Against this background it is too facile simply to say that "control" is a question of fact which must be resolved by the fact-finder. But cf. Micheli Contracting Corp. v. Fairwood Associates, 68 A.D.2d 460, 418 N.Y.S.2d 164 (1979). Such an approach begs the question of what "control" means. Rather, analysis must first proceed by asking whether Mount Vernon had actual knowledge that MIW was acting as something more than a limited partner. FSLIC has presented no evidence to prove that fact. There is no indication whatsoever that Russell was led into the Partridge transaction by knowledge of MIW's participation in the partnership, and Donald Eversoll, the then chairman of the Board of Mount Vernon, has testified that he did not learn of the Partridge transaction until November, 1982, long after Mount Vernon had entered the Memorandum of Understanding and turned over the mortgages. Furthermore, the documents promoting the Partridge venture to which FSLIC points as mentioning MIW's participation clearly identify MIW as a limited partner.

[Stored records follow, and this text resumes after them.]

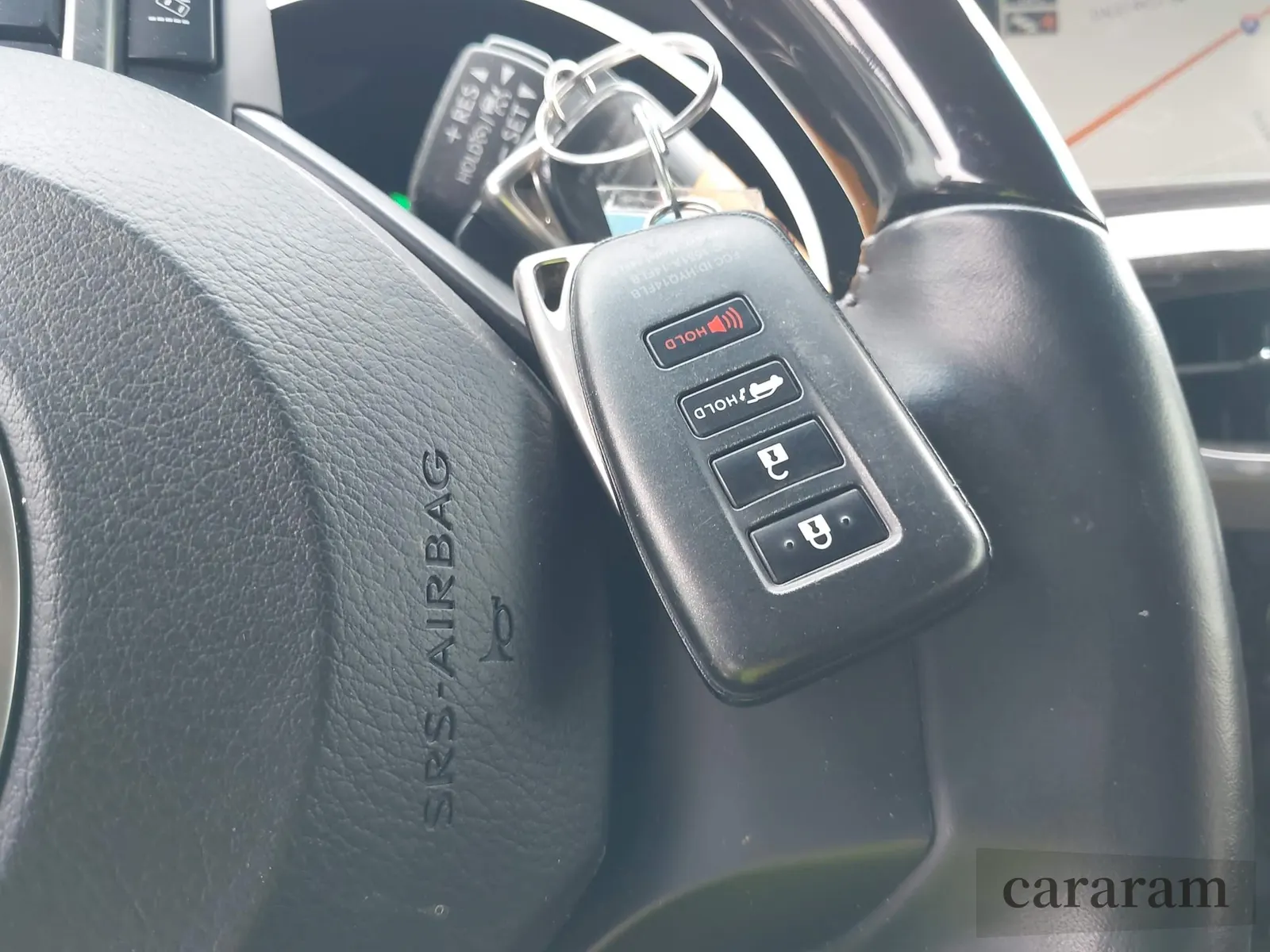 2021 Lexus LX 570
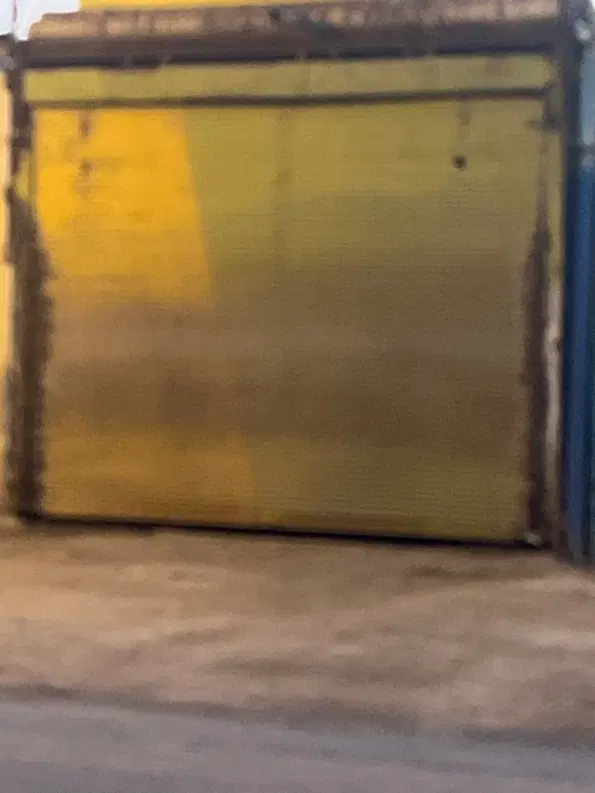 مغازه سر اصلی کوت عبدالله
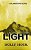 Light (A Flamestone Novel)-.. - Imagem 1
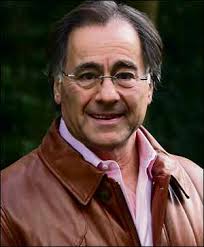 A JEWISH TELEGRAPH NEWSPAPER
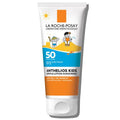La Roche Posay Anthelios Gentle Lotion Kids Sunscreen SPF 50 200Ml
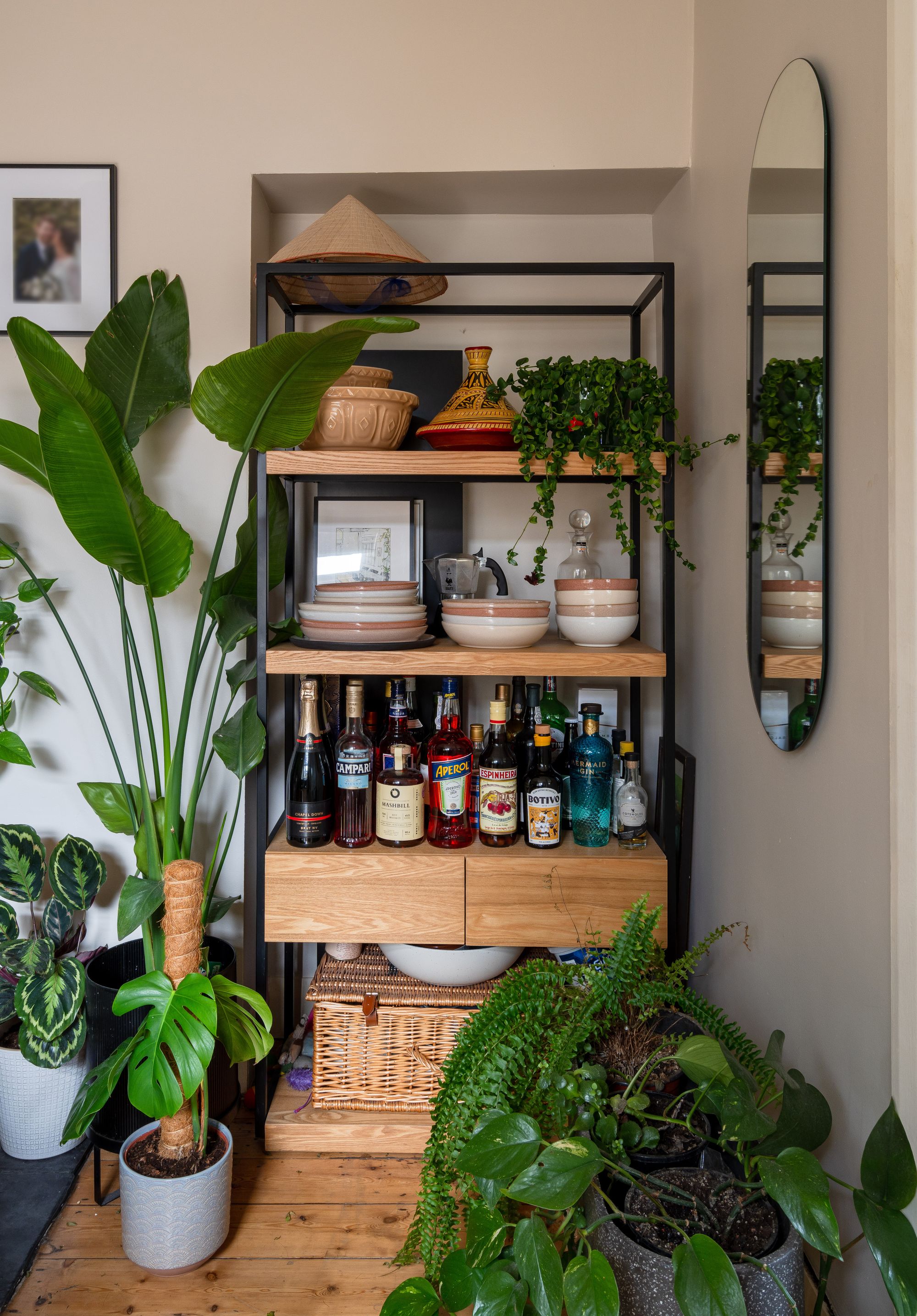 2 bed maisonette for sale in Morley Road, Leyton, London, E10  - Property Image 25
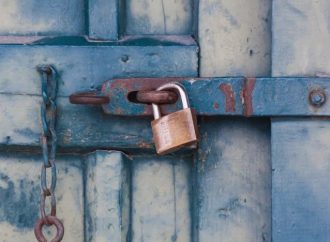 JOVEM COM DEFICIÊNCIA É RESGATADO DE CÁRCERE PRIVADO NO BAIRRO BOM PASTOR, EM NATAL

Therefore, it must then be asked, as phrased in the new Act, whether MIW's "participation in the control of . . . [Partridge Associates] . . . was substantially the same as the exercise of the powers of a general partner." As to this question, FSLIC properly maintains that the record is clear that MIW originated the basic concept of Partridge Associates in order to breathe life into a dormant loan. Further, the affidavit of Michael J. Ferraguto, Jr., the president of an American Housing subsidiary which did construction for the Partridge project, does establish that MIW's president attended and participated in periodic operational meetings concerning the progress of the project. However, the law does not confine the role of a limited partner to that of a passive investor, as in a conventional syndication. To the contrary, as is expressly recognized in the new Act, see Md. Corps. Ass'ns Code Ann., Section 10- 303(b)(1985), and as was implicit in the old, see Silvola v. Rowlett, 129 Colo. 522, 272 P.2d 287 (1954) (en banc), a limited partner may be actively involved in the day to day operation of the partnership's affairs, provided that he does not have ultimate decision making responsibility. Thus, the question is not whether MIW provided advice and counsel to Partridge Associates (which, undoubtedly, it did in light of its long association with the Partridge project) but whether it exercised at least an equal voice in making partnership decisions so as, in effect, to be a general partner. On that issue FSLIC has presented no evidence, and summary judgment against it is therefore proper. Counterclaim of Partridge Associates and American Housing Against FSLIC
Without the request or approval of the Court, FSLIC submitted after the summary judgment motions hearing a "Post-Hearing Memorandum Concerning The Control Test For Limited Partner Liability." Attached to this memorandum was an affidavit signed by one of FSLIC's counsel stating that Ferraguto was reluctant to provide any information about MIW's participation in Partridge Associates because "he was concerned about offending Mr. Savage [the president of MIW] whom he believed to be an influential lender in the Washington market and in a position to hinder Mr. Ferraguto's professional interests." MIW has filed a motion to strike the memorandum and affidavit. The motion is granted. It comes with ill grace for FSLIC to contend that it cannot produce an affidavit sufficient to withstand a motion for summary judgment filed against it by MIW when it is aggressively contending that it is entitled to summary judgment as to Partridge Associates' and American Housing's counterclaim because of their present inability to produce testimony to support their allegations. That aside, the practice of submitting unsolicited post-hearing memoranda and affidavits cannot be tolerated. Fed.R.Civ.P. 56 contemplates a complete record having been established by the time that a summary judgment motion hearing is held, and this Court follows the practice of preparing its opinions promptly on the basis of the record as it has been established. That practice — which is necessary in order for the Court to meet the demands of its docket — would be undermined if parties were permitted to submit memoranda and affidavits at a time of their own choosing. In any event, FSLIC still has failed to present any evidence legally sufficient to support a finding that MIW acted substantially as a general partner in Partridge Associates.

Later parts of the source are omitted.